What is it?
lalelu_drums is a system (hardware + software) that can be used for live music performances in front of an audience. It consists of a camera recording a live video of the player, an AI network that estimates the body pose of the player from each video frame and algorithms that detect predefined gestures from the stream of pose coordinates and create sounds depending on the gestures.
Video 1: Example video showing basic drum pattern
Why?
This type of drumming allows to incorporate elements of dancing into the control of the drum sounds. Also, the drummer is not hidden behind the instrument. Both aspects should promote a more intense relation and interaction between the musician and the audience.
The pose estimation yields coordinates of many different landmarks of the human body (wrists, ellbows, knees, nose, eyes,...) and I envision that there are intriguing options how to create music from gestures with these.
Compared to other forms of modern electronic music control, lalelu_drums can be played with a minimal amount of tech visible to the audience (i. e. the camera in front of the player). It is therefor especially well suited to be combined with acoustic instruments in a low-tech setting.
With this kind of atmosphere in mind and in order to foster a good contact to the audience, I would like to design the system in a way that the player has no need to look at any display while playing. For checking basic parameters like illumination or camera positioning or for troubleshooting, I think a display will be necessary. But it should not be needed for the actual musical performance so that it can be installed in an unobstrusive way.
An interesting application of lalelu_drums is to augment other instruments with additional percussive elements. In such a hybrid setting, the gestures need to be defined taking into account the normal way of playing the instrument.
Video 2: Acoustic cajon and egg shaker augmented with snare drum and two bells
While it is certainly possible to use the arrangement of lalelu_drums to control other types of instruments apart from percussion (e. g. Theremin-like), I chose percussion for the challenge.

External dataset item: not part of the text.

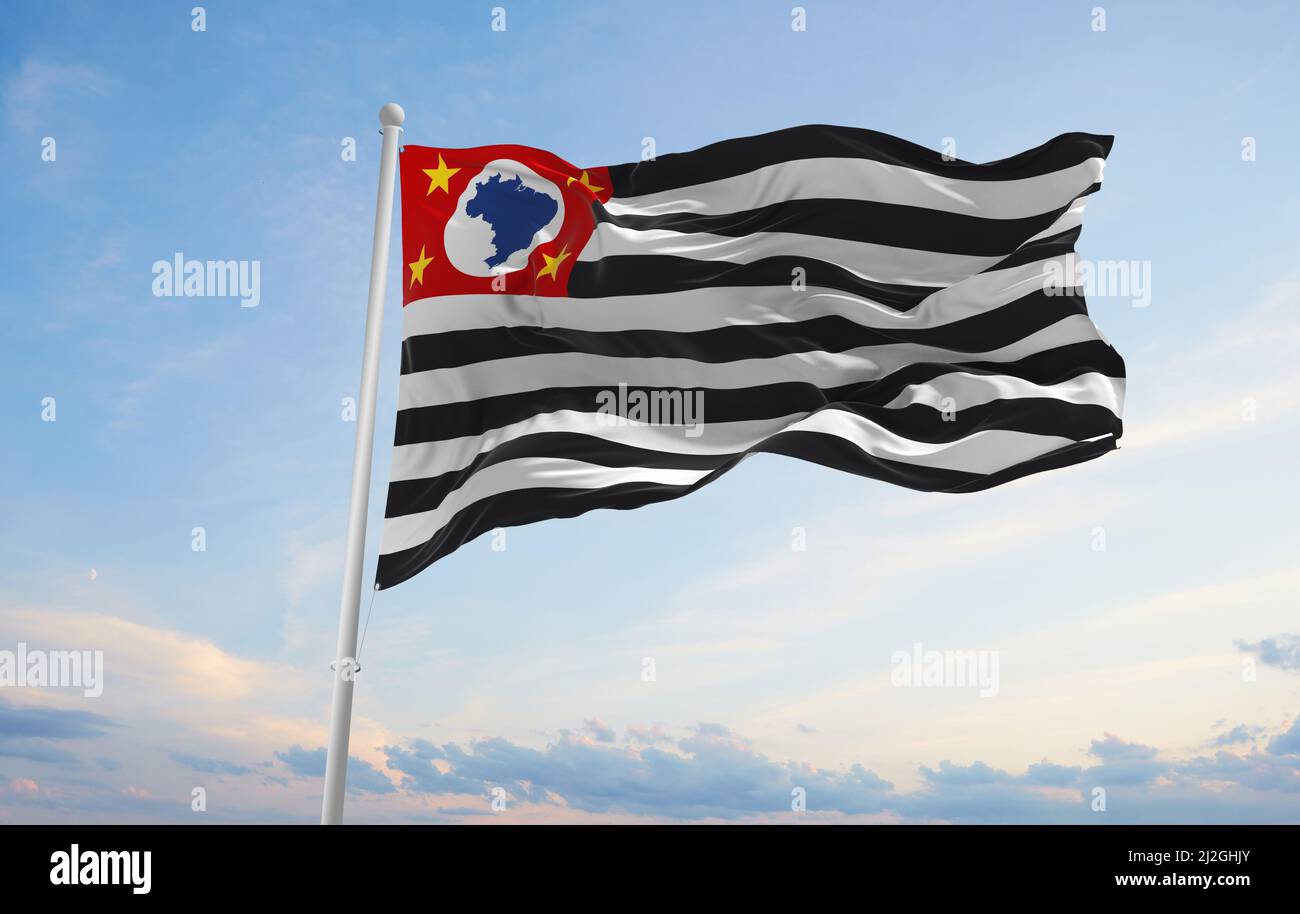 flag of estado de Sao Paulo , Brazil at cloudy sky background on sunset, panoramic view. Brazilian travel and patriot concept. copy space for wide ban Stock Photo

If it is possible to design a gesture controlled percussion system with acceptable latency and temporal resolution, it should be straight forward to extend it for controlling other types of sounds.
Prior art
There are examples of gesture controlled drums using the kinect hardware:
https://www.youtube.com/watch?v=4gSNOuR9pLA
https://www.youtube.com/watch?v=m8EBlWDC4m0
https://www.youtube.com/watch?v=YzLKOC0ulpE
However, the pose estimation path of the kinect has a frame rate of 30fps and I think that this rate is too low to allow for precise music making.
Here is a very early example based on video processing without pose estimation:
https://www.youtube.com/watch?v=-zQ-2kb5nvs&t=9s
However, it needs a blue screen in the background, and since there is no actual pose detection it can not react on complex gestures.
There is a tensorflow.js implementation from 2023 of a pose estimation based drumming app, but it seems to be targeting rather a game like application in a web browser than a musical instrument for a live performance:
https://www.youtube.com/watch?v=Wh8iEepF-o8&t=86s
There are various 'air drumming' devices commercially available. However, they either need markers for video tracking (Aerodrums) or they use inertia sensors so that the drummer still has to move some kind of sticks (Pocket Drum II) or gloves (MiMU Gloves) and can not use gestures comprising ellbows, legs or face.
One other interesting commercially available device is the Leap motion controller. It uses infrared illumination and dual-camera detection to record high-framerate (115fps) video data of the user's hands from below. The video data is processed by some proprietary algorithm to yield coordinates of the hand and finger joints + tips. Here is a project using the device for making music:
https://www.youtube.com/watch?v=v0zMnNBM0Kg...